What to work on
In the listing below, start your output at the line with "Paoletti Tartan Faux" and end it after the line with "vidaXL Bettgestell mit", copying every line exactly.

Information provided
Segment Open

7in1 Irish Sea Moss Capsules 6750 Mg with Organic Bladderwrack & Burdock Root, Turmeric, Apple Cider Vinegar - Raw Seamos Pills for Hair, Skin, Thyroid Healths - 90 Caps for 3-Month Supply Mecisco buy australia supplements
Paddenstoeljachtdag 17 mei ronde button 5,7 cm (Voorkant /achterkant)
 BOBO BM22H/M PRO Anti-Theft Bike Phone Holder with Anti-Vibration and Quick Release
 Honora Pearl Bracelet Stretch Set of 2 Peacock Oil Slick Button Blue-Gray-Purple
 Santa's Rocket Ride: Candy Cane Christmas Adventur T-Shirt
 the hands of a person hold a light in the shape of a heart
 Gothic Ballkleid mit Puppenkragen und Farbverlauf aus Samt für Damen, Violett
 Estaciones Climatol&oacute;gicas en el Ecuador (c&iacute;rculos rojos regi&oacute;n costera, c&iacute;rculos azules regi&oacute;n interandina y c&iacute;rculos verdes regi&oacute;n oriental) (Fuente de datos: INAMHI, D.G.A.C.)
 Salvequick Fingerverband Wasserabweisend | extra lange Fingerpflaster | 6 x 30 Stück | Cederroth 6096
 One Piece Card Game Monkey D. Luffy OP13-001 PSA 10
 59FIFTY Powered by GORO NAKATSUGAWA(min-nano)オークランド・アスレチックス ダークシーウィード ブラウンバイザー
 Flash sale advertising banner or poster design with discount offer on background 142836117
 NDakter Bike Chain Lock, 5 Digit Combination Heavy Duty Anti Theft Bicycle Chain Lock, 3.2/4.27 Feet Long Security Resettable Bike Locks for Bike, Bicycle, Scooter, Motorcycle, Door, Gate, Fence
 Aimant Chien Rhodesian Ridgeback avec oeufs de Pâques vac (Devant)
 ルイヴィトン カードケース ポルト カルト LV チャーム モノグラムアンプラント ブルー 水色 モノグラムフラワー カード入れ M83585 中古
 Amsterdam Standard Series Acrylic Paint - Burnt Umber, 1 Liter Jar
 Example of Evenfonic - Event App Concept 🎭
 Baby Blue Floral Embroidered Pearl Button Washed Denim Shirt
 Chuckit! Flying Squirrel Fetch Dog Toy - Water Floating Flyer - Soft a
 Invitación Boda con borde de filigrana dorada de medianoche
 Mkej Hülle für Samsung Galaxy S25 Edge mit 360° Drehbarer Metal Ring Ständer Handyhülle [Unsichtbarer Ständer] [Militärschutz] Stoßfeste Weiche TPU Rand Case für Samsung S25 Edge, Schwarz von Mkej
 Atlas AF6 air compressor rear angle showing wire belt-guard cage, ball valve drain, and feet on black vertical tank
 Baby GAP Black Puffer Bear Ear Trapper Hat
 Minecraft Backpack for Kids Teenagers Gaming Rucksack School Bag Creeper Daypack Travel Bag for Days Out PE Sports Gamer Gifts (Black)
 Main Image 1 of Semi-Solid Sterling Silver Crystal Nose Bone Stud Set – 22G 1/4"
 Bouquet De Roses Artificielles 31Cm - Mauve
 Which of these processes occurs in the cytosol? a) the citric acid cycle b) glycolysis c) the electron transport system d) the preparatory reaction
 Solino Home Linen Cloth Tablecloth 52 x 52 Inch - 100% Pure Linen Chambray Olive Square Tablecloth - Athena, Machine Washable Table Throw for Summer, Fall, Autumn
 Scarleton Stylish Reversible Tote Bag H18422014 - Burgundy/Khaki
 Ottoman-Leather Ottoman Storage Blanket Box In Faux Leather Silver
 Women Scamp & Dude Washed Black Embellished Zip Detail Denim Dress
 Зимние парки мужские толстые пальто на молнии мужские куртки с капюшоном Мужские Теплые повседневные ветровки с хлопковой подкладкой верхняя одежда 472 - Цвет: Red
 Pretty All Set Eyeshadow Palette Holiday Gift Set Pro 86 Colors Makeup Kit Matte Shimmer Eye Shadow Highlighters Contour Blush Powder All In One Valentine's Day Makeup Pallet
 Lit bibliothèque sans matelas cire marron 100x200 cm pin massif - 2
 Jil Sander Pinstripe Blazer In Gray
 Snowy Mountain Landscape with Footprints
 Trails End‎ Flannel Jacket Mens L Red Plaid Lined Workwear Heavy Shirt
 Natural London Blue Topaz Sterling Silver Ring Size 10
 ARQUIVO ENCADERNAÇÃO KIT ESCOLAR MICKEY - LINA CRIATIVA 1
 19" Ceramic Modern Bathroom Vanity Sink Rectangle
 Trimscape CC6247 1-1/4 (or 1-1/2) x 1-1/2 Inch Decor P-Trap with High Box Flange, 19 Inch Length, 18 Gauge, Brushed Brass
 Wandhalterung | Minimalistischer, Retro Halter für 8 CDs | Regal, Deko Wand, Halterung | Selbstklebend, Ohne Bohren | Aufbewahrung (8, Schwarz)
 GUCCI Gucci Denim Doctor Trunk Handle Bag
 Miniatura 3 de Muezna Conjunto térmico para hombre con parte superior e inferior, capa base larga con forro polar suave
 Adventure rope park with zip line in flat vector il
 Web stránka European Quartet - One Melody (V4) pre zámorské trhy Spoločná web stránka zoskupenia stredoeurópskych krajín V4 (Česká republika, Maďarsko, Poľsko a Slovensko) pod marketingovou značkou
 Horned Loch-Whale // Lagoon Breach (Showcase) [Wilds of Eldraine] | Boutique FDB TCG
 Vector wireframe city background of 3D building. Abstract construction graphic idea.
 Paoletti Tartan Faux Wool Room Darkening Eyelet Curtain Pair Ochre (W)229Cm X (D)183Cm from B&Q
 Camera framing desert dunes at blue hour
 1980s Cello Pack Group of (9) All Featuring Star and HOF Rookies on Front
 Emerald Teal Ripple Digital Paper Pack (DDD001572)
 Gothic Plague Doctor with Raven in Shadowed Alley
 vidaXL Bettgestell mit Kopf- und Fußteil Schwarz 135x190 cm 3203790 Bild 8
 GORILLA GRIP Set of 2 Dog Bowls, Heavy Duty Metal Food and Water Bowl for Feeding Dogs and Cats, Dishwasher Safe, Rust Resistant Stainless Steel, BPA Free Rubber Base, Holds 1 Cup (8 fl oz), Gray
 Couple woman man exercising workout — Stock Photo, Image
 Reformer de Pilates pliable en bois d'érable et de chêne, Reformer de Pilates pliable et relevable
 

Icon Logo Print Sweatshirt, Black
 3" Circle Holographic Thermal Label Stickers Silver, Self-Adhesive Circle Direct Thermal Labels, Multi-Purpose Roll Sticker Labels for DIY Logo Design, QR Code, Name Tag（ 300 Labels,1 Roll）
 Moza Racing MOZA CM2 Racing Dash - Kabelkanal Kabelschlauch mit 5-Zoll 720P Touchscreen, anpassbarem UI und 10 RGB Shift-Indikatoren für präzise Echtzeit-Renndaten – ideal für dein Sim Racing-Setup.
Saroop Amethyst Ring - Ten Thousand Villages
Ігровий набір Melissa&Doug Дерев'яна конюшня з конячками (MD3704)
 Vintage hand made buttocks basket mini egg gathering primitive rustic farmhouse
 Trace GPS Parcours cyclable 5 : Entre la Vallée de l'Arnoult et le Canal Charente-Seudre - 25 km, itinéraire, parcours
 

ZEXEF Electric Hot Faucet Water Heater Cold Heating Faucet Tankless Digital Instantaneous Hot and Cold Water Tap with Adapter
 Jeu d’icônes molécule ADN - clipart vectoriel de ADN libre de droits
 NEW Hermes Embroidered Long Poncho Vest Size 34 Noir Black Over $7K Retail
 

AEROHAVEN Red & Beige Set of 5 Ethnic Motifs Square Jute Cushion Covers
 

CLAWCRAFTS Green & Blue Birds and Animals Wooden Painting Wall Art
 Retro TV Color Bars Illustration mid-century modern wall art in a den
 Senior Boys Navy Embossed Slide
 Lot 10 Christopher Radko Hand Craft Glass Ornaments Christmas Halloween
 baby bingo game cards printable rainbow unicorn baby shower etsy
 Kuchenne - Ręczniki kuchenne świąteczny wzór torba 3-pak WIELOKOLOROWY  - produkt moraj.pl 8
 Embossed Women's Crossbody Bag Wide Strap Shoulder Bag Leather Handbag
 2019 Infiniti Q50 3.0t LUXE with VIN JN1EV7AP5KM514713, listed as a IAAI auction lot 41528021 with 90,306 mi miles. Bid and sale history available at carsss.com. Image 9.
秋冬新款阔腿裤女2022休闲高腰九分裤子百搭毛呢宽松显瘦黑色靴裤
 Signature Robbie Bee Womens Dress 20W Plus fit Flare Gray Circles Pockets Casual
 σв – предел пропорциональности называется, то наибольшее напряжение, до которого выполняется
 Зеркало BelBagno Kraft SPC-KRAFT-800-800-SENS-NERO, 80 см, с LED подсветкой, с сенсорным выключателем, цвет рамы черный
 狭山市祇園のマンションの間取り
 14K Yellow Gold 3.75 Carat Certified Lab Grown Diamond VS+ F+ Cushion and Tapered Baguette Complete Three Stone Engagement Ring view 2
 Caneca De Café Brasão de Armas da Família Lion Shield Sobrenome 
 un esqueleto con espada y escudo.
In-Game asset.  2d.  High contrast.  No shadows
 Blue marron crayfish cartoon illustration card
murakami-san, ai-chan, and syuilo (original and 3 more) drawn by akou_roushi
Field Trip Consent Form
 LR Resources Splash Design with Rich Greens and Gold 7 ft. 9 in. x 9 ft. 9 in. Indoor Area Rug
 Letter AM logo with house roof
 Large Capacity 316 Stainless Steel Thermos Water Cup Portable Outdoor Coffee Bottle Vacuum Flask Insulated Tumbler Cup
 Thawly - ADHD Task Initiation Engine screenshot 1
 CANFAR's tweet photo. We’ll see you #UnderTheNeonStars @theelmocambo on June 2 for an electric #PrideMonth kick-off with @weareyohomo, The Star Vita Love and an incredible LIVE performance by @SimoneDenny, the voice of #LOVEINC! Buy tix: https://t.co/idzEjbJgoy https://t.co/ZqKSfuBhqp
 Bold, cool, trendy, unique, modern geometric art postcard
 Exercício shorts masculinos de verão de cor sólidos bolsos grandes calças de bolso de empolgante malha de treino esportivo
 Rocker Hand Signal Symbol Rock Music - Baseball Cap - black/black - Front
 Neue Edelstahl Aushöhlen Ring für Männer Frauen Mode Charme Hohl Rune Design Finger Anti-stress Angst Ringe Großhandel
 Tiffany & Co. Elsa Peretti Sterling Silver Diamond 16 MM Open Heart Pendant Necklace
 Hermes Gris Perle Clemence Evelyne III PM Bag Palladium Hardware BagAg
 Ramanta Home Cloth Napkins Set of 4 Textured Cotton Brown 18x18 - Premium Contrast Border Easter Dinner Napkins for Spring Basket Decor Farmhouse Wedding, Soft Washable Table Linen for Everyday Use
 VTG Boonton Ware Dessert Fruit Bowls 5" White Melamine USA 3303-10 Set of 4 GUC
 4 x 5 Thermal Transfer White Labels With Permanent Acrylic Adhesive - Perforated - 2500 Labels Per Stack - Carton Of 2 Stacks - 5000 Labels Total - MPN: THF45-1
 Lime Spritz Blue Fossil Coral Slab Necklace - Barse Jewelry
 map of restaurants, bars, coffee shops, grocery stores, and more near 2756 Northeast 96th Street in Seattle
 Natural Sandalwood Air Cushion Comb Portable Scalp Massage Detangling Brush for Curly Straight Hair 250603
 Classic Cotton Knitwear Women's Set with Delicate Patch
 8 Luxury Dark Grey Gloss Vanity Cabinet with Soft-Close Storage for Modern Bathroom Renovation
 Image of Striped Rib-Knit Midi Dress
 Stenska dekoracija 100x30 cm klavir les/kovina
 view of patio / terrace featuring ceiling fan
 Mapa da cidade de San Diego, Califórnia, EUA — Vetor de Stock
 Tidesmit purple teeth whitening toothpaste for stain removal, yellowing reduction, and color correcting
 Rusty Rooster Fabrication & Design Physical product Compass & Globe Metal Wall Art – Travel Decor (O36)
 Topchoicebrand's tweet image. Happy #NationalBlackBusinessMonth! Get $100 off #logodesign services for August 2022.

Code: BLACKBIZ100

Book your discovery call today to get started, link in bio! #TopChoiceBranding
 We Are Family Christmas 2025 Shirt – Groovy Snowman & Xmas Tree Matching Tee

Segment Closed

Answer space
 Paoletti Tartan Faux Wool Room Darkening Eyelet Curtain Pair Ochre (W)229Cm X (D)183Cm from B&Q
 Camera framing desert dunes at blue hour
 1980s Cello Pack Group of (9) All Featuring Star and HOF Rookies on Front
 Emerald Teal Ripple Digital Paper Pack (DDD001572)
 Gothic Plague Doctor with Raven in Shadowed Alley
 vidaXL Bettgestell mit Kopf- und Fußteil Schwarz 135x190 cm 3203790 Bild 8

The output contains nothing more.